Data block.

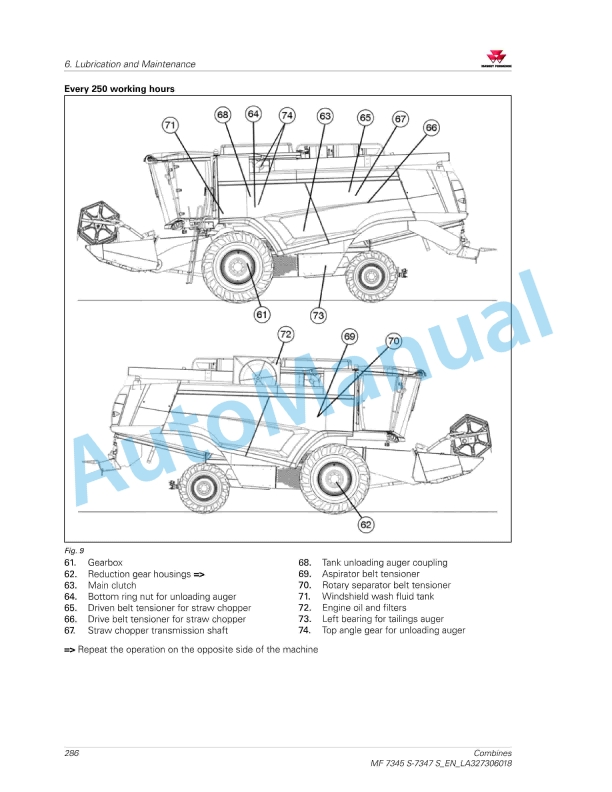 Massey Ferguson MF 7345 S - MF 7347 S Combines Operators Manual LA327306018 2 Massey Ferguson MF 7345 S - MF 7347 S Combines Operators Manual LA327306018 - Image 2
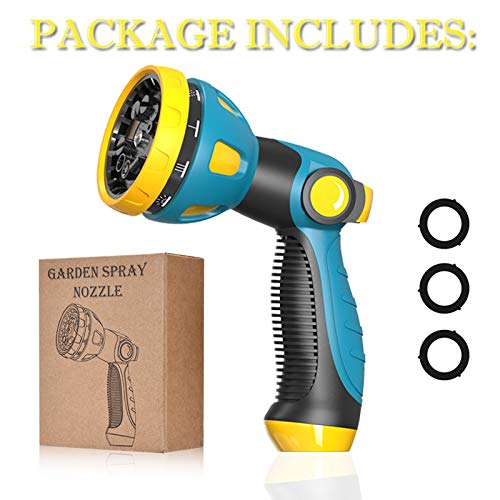 Metal Garden Hose Nozzle - 10 Adjustable Spray Patterns for Watering, Cleaning & Car Washing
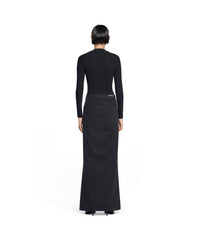 Maxi Skirt - Peach Pitch Black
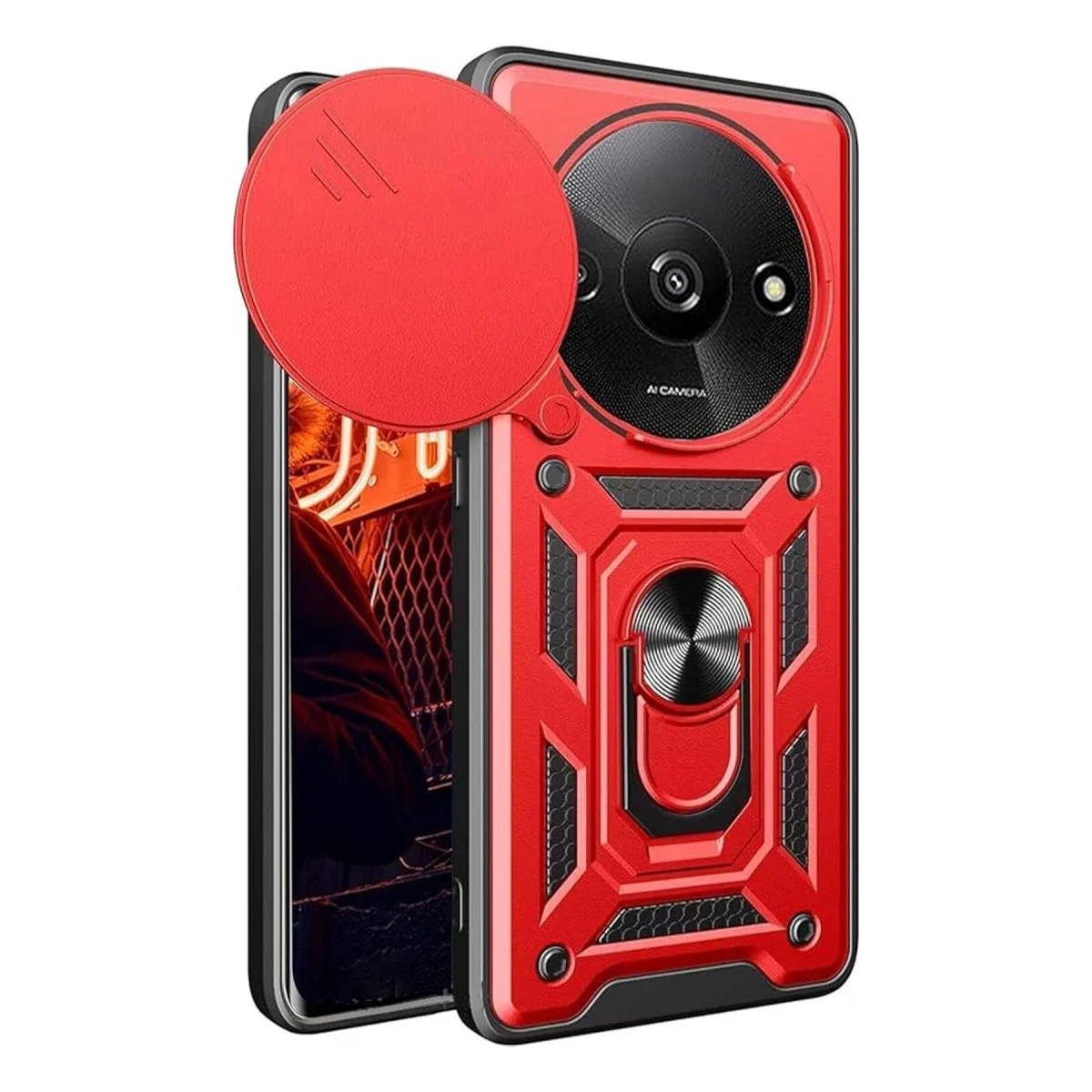 Xiaomi Redmi A3 4G Kılıf Pars Lens Yüzüklü Silikon - Kırmızı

Action item.
Give again, word for word, the lines above from the one with "Maxi Skirt - Peach Pitch Black" through the final line of the data, both ends included. Do not copy any picture.

Answer below.
 Maxi Skirt - Peach Pitch Black
 Xiaomi Redmi A3 4G Kılıf Pars Lens Yüzüklü Silikon - Kırmızı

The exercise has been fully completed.